Seoul – the city that never sleeps

When in 2010 the opportunity to go to Asia came up to me, it didn’t take me long to make a decision. My university offered a student exchange, which was focused on two subjects: globalization and opening the borders between Asia and Europe. The chance was exceptional. On one hand, I had a chance to study in a country so different from Poland, on the other hand I could conduct cross-cultural research and cooperate with the Koreans professionally. The capital of South Korea, which was to become my home, place for work and development for more than half a year, seemed to me a little unusual, intriguing, but still very distant.

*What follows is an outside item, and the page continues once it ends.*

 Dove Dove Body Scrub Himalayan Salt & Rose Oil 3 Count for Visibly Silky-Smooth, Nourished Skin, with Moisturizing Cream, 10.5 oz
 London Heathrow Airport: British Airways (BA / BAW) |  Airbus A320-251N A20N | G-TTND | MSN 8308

I’ve never been to Asia and my friends’ holiday stories didn’t seem enough to help me with preparing to settle down there. It was also significant that South Korea is known mainly in the context of its complicated history and political situation. The other aspects are not entirely discovered and understood, even some kind of exotic. Before leaving, I decided to collect as much information as possible about Korean way of life. Unfortunately, it wasn’t easy. There was a lack of reliable guides and books about Korean culture. I found only generalizations about the Asian collectivism. I was very disappointed, so I started interviewing my friends, who were in South Korea and knew something. It was a mistake, because each of them introduced me a different picture of Korea. Their stories and experiences seemed to be quite far from each other. Some of the stories encouraged to go, others scaring with the cultural barriers. I was surprised that people who were in the same country perceived it so differently. Can our perception play games with us so much? – I was thinking. I was confused, but I made a decision. This is the end of any suggestions. I’m going there with my eyes and ears open. I will check how is it by myself and I will find my own Korea. At that time I didn’t know that this trip will be a great lesson of humility toward Asian culture.

Seoul from the top

Seoul – a new dimension of crowd

The first step I made in the adaptation process was to tame the city, where I had to live and work. It was a real challenge! First days were difficult and I felt overwhelmed by the new reality. The capital of South Korea paralyzes with noises, colors and scents. It is definitely a city-behemoth: more than 10 million inhabitants, 11 lines of modern, superfast subway. Nobody is surprised that metro ride from one end of the city to another takes about two hours. What is Seoul like? My first impression was that the city never sleeps. There are people everywhere, all the time. Restaurants, cafes, shops and clubs are eternally open and illuminated. Returning from a night club at 4 a.m.? There is no problem with eating a meal in an exclusive restaurant or grab a coffee at Starbucks. Speaking about cafes… Koreans not only drink a coffee there or learn during the day. They also sleep with their heads on tables (literally), waiting for the first morning subway after a long party. Sometimes it was hard to find a place to seat a 4 a.m., because cafes were packed with sleeping Koreans. And it was completely normal for them.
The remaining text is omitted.